**Material to process:**
BEGIN

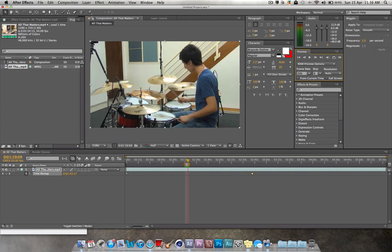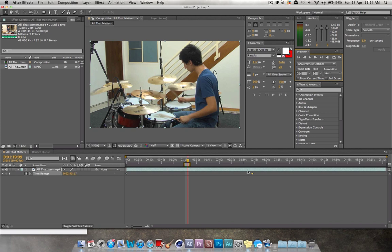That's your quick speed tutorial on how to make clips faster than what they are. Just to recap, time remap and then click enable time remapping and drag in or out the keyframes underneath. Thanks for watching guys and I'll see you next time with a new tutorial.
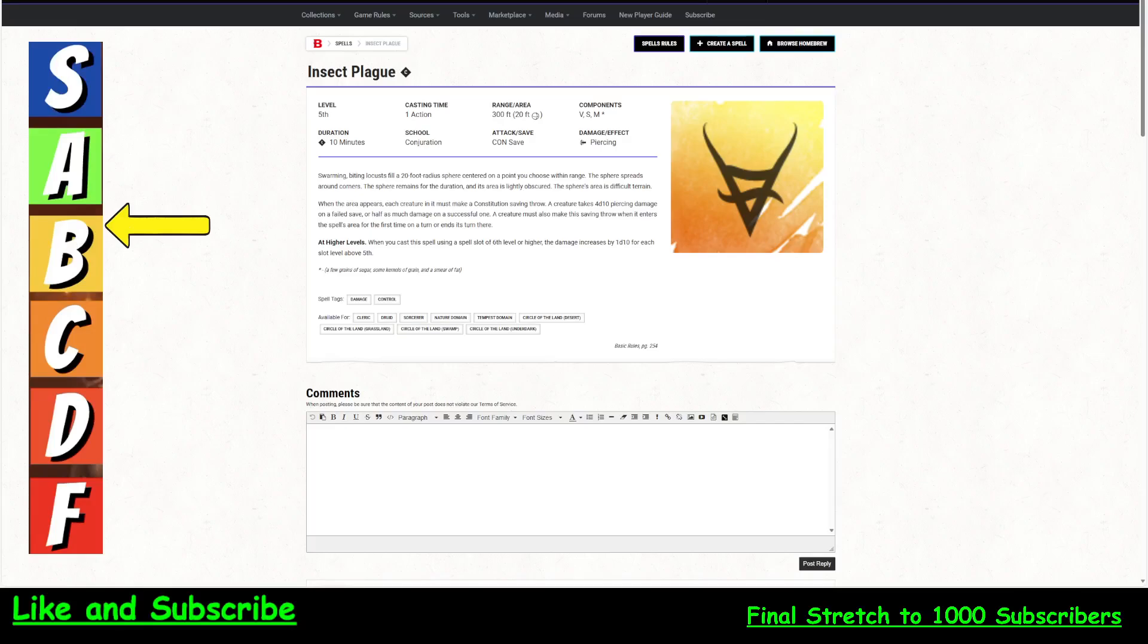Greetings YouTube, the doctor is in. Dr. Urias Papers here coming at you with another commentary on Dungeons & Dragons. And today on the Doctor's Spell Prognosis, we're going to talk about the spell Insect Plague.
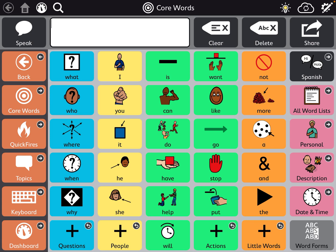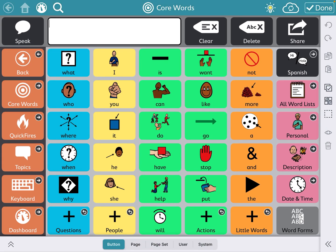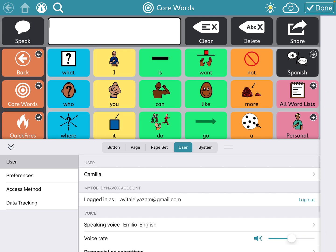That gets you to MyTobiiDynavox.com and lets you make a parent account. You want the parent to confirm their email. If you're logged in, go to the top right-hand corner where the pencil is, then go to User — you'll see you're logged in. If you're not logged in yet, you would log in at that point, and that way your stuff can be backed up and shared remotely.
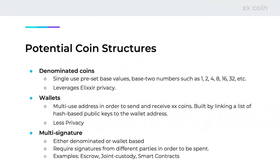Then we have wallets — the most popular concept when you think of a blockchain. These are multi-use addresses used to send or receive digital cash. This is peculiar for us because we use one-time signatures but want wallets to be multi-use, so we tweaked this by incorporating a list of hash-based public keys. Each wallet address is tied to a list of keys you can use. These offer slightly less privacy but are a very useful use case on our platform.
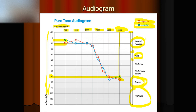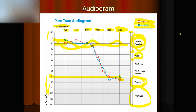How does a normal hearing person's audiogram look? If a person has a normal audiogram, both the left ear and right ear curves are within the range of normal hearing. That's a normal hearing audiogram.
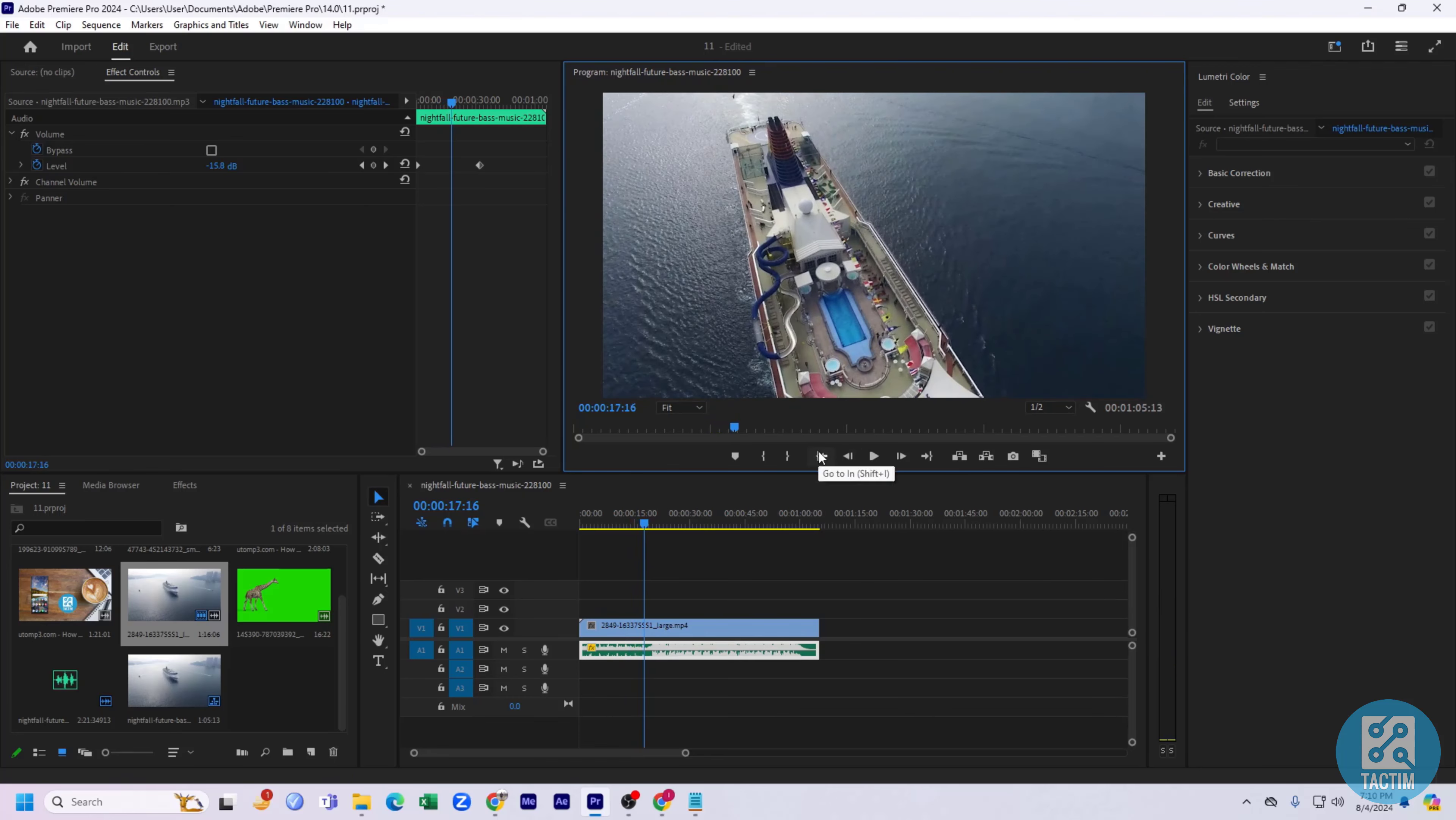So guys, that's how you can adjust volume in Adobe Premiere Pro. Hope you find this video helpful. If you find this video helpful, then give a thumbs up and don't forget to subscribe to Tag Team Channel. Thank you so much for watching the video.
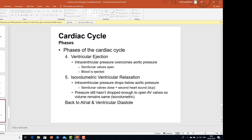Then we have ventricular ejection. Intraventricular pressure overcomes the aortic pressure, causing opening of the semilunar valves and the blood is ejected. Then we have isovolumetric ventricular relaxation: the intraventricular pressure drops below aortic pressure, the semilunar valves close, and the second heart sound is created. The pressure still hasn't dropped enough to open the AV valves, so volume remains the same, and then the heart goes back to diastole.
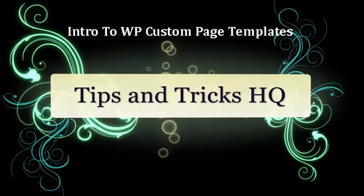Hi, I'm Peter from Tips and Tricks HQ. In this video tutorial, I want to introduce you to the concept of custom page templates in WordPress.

END
BEGIN

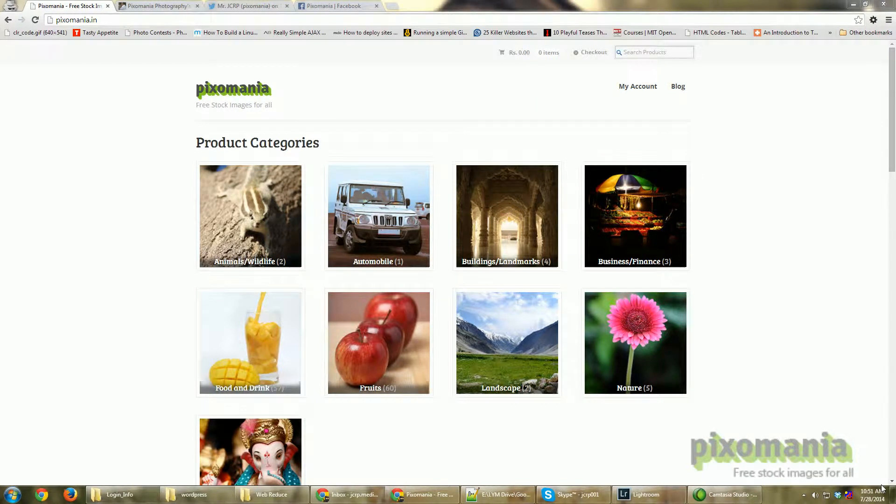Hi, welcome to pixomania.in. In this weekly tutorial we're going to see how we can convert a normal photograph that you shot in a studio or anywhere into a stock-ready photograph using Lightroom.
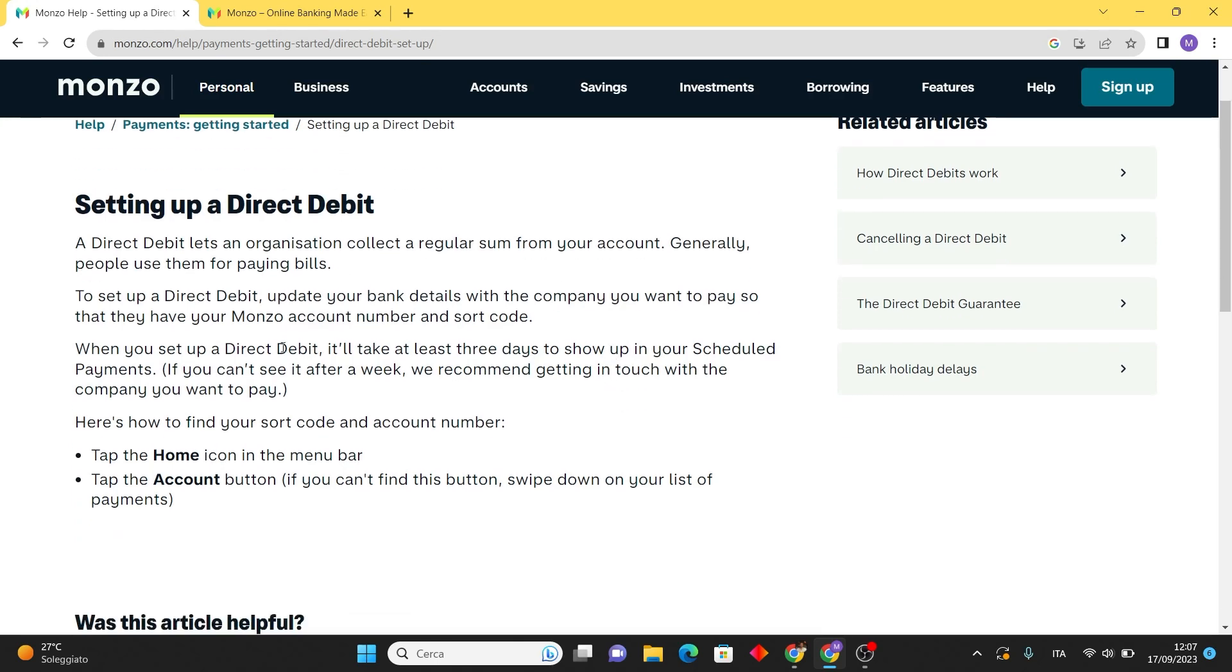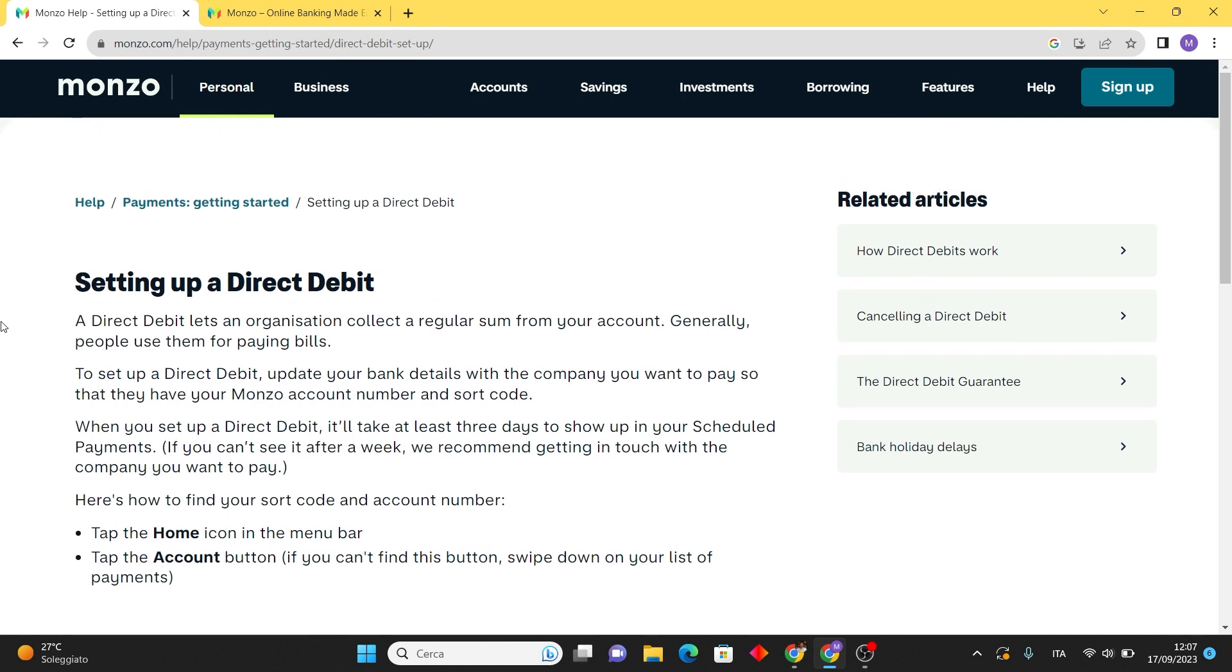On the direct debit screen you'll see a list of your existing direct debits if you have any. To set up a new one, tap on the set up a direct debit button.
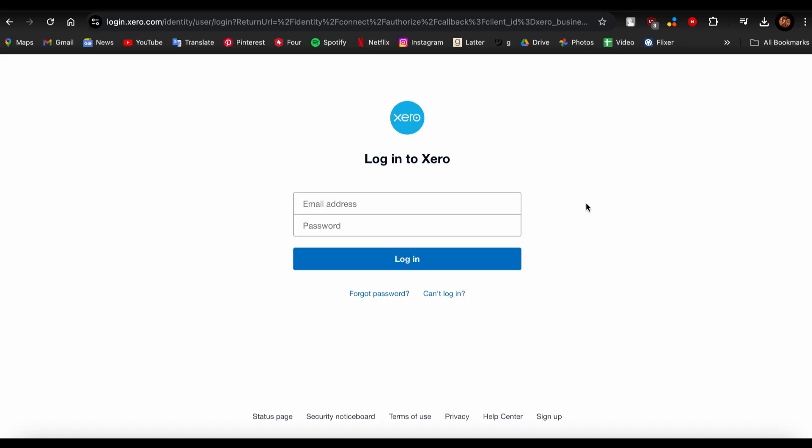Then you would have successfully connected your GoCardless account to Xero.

END

**What is expected:** Take the material above and output only the lines from the one that contains "That's your quick" through the one that contains "That gets you", ends included and images left out.

**Written reply:**
That's your quick speed tutorial on how to make clips faster than what they are. Just to recap, time remap and then click enable time remapping and drag in or out the keyframes underneath. Thanks for watching guys and I'll see you next time with a new tutorial.
Greetings YouTube, the doctor is in. Dr. Urias Papers here coming at you with another commentary on Dungeons & Dragons. And today on the Doctor's Spell Prognosis, we're going to talk about the spell Insect Plague.
That gets you to MyTobiiDynavox.com and lets you make a parent account. You want the parent to confirm their email. If you're logged in, go to the top right-hand corner where the pencil is, then go to User — you'll see you're logged in. If you're not logged in yet, you would log in at that point, and that way your stuff can be backed up and shared remotely.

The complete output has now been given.